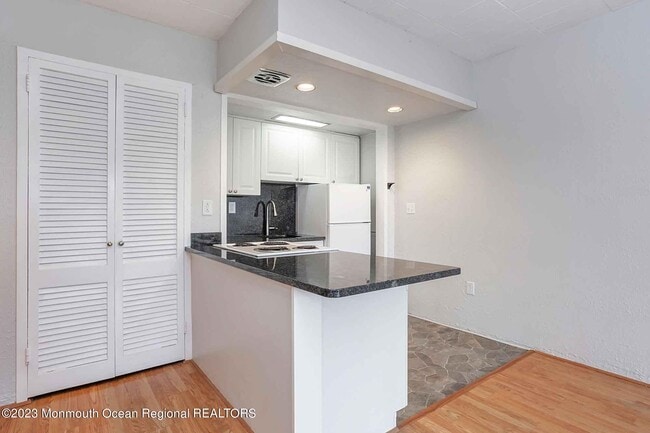 Photo - 21 Leroy Pl Unit 2F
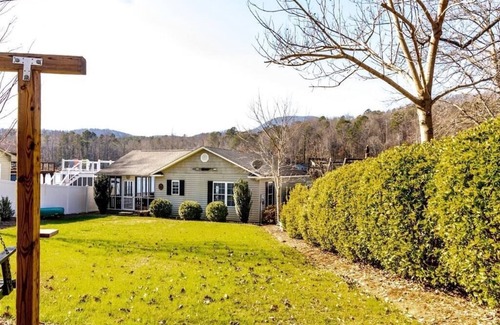 Lynn Cabin | The Good House -Lake Lanier Lakefront, Canoe/Kayak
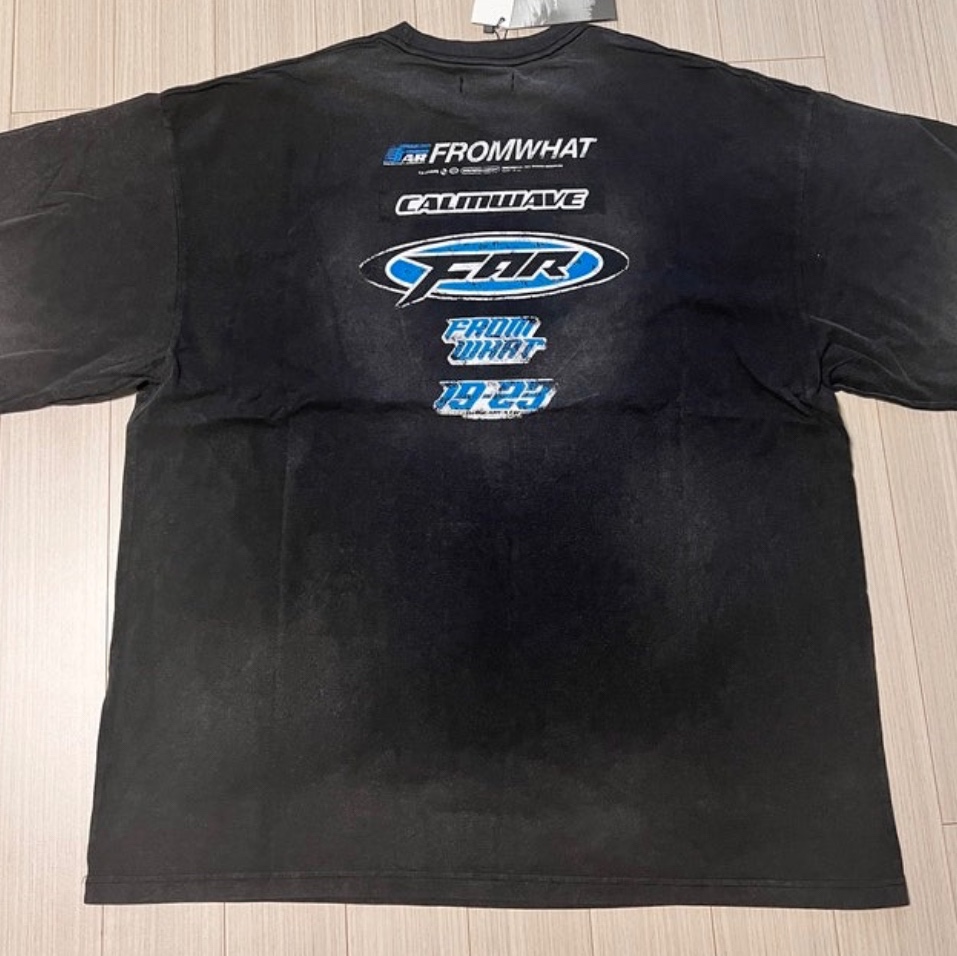 Farfromwhat Far Washed Logo T-Shirt Black 착용 스타일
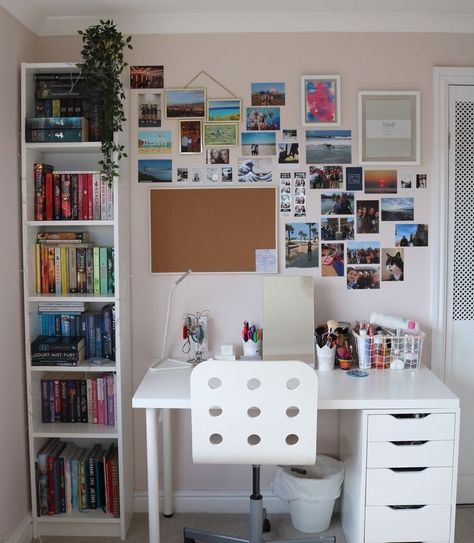 Bedroom Desk Wall Ideas, Bed Rooms Ideas With Study Table, Book Desk Ideas, Cozy Bedroom With Study Table, Photo Frame Wall Ideas Bedroom, Desk And Bookcase Ideas, Dorm Room Study Table Ideas, Photo Frame Ideas In Bedroom, Wall Decoration For Study Room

WHAT NEEDS TO BE DONE: The answer is the run of lines from the one with "Farfromwhat Far Washed" through the final line of the data, copied exactly, and nothing else; no pictures.

ANSWER BOX:
 Farfromwhat Far Washed Logo T-Shirt Black 착용 스타일
 Bedroom Desk Wall Ideas, Bed Rooms Ideas With Study Table, Book Desk Ideas, Cozy Bedroom With Study Table, Photo Frame Wall Ideas Bedroom, Desk And Bookcase Ideas, Dorm Room Study Table Ideas, Photo Frame Ideas In Bedroom, Wall Decoration For Study Room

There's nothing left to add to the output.